Up to now, the most significant effort to improve accountability was the 104th Congress’s Congressional Review Act. That law sets up a 60-day period following agency publication of a regulation during which the rule will not take effect, to afford Congress an opportunity to pass a resolution of disapproval. However, thousands of rules have been issued, and none halted. Moreover, the law has the disadvantage that it effectively requires a 2/3 supermajority to strike a rule if the president decides to veto a disapproval resolution.
The Congressional Review Act, in contrast, would stipulate that no major agency rule becomes law until it receives an affirmative vote by Congress. This is in keeping with the Constitutional requirement that “All legislative Powers herein granted shall be vested in a Congress of the United States.”
Policing agency cost-benefit analyses, the obsession of traditional regulatory reformers, becomes less important if our elected representatives must affirm new agency rules before they are binding, because agencies would be inspired to ensure that their rules met a reasonable cost-benefit benchmark before sending them to a newly answerable Congress. In other words, congressional accountability would force agencies to compete with one another before congressional overseers in terms of lives they save (or some other regulatory benefit) rather than think within their own square.
As with the tax code, Congress must make the grand judgments about where regulatory benefits lie, and take responsibility for the regulatory priorities that emerge.
Only Congress can properly compare questionable rules to the alternative benefits that could be gained if the costs went instead toward hiring policemen or firemen, or simply toward buying buckets of white paint to stripe the centers of dangerous rural blacktop roads.
If Congress then does a poor job ensuring net regulatory benefits, citizens have recourse at the ballot box. We will always lack that leverage with agencies, whose limited range of vision prevents their making the cross-agency comparisons necessary in setting government-wide priorities.

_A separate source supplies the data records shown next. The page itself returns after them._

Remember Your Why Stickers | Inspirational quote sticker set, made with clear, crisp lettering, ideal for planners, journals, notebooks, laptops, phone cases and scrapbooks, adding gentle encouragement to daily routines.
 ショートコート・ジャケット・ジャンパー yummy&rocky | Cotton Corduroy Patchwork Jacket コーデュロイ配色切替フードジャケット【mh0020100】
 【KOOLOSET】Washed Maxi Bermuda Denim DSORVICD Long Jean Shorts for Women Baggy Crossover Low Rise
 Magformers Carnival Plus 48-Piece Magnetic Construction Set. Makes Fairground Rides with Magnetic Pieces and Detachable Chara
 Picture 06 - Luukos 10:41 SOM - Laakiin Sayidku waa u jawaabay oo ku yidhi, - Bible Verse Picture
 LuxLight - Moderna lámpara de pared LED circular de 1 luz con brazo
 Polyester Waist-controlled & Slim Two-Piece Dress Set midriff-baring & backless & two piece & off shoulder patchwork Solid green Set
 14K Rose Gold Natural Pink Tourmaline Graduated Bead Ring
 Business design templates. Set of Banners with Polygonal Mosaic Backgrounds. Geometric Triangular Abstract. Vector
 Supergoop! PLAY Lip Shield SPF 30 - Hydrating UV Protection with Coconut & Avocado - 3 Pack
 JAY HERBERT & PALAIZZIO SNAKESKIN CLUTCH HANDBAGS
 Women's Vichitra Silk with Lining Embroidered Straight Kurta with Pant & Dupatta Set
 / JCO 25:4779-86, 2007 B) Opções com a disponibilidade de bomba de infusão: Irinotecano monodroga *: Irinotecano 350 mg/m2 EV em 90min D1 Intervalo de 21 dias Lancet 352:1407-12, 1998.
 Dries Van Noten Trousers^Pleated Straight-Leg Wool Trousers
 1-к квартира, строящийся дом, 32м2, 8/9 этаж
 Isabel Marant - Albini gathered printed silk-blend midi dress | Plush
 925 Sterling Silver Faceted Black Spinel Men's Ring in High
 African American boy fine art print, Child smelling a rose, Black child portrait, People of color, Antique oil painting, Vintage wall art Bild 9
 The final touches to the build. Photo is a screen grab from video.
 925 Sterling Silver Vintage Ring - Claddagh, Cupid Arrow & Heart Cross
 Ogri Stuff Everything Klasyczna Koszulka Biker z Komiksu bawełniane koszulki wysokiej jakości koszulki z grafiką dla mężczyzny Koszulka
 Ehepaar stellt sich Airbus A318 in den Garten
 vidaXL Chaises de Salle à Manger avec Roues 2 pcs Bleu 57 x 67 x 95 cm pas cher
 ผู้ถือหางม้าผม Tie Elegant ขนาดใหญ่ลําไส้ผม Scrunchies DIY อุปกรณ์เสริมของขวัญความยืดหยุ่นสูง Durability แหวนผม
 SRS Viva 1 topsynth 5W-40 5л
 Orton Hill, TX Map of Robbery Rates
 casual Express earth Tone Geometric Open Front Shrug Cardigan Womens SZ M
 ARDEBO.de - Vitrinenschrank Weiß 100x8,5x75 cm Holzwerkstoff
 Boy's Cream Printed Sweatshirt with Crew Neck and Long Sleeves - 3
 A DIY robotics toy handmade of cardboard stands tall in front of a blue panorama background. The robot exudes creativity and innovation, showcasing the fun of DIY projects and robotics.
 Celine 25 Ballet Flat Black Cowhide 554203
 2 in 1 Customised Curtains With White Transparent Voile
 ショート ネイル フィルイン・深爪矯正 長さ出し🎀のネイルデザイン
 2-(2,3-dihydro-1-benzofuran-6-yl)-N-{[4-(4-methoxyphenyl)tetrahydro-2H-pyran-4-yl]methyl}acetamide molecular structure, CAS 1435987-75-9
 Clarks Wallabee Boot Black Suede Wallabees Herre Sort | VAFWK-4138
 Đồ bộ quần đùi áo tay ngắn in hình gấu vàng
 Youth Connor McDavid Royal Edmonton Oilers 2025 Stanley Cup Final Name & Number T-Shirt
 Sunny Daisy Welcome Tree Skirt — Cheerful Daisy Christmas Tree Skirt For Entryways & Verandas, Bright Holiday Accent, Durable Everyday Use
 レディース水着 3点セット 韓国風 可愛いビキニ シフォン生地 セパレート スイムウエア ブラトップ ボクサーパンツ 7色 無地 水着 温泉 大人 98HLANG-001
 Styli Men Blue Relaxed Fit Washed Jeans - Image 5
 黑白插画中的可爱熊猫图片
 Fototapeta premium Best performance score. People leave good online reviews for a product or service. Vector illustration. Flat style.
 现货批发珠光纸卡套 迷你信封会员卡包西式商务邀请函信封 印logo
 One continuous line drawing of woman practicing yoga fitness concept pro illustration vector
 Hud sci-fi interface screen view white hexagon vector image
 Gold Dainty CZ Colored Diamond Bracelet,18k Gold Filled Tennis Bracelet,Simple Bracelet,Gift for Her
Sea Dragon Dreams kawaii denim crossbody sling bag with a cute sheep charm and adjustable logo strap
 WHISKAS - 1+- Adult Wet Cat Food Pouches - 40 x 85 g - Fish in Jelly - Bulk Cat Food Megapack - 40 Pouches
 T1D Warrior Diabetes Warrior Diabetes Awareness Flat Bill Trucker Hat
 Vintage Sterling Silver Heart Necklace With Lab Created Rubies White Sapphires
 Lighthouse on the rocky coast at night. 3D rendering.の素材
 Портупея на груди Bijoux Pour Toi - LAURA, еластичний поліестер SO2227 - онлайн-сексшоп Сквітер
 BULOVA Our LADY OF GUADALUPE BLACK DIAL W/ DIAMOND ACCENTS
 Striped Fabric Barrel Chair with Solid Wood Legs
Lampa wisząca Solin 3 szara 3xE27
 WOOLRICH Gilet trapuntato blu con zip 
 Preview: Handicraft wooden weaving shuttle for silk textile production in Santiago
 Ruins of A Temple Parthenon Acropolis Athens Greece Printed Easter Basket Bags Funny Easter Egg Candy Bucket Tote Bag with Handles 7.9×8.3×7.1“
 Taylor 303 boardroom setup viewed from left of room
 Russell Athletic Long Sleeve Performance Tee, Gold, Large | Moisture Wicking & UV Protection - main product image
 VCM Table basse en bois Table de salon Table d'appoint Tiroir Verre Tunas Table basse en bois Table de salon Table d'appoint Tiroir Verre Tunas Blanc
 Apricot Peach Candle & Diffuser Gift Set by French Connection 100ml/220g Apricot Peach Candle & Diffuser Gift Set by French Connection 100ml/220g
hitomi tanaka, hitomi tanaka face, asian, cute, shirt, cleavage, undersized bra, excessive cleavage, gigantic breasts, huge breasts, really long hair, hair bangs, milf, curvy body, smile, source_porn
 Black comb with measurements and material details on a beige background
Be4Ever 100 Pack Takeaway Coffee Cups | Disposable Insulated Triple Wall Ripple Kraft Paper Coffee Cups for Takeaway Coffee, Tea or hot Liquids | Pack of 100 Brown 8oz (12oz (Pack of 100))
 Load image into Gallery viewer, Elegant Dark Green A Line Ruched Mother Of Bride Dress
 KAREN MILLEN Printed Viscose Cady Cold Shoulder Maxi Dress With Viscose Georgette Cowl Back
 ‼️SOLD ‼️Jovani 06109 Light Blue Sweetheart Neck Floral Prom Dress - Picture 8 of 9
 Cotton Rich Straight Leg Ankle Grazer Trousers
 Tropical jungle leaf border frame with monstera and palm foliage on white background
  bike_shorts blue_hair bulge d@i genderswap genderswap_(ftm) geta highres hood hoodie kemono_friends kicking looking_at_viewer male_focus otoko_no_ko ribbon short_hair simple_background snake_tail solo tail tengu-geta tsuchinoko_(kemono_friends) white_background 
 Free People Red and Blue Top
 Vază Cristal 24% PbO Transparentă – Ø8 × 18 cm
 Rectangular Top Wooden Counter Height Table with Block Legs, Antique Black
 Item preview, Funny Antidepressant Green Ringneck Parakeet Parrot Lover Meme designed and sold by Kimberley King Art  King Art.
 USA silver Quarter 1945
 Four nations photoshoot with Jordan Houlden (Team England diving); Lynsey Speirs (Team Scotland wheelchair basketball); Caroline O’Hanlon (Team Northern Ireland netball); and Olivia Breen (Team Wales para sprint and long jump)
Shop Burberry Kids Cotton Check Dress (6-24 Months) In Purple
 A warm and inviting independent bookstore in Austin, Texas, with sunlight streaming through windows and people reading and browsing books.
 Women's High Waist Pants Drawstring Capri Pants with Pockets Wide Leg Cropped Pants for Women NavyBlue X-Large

Ultimately, these dynamics would allow Congress to reapportion regulatory authority based on results achieved or unachieved, thus maximizing benefits far better than cost-benefit requirements imposed on agencies.
Reforms such as the Congressional Responsibility Act will help temper regulatory agency excess, because every elected representative will at last be on record as either in favor of or opposed to a particular regulation. With that, representative democracy will take a giant step toward “no regulation without representation.”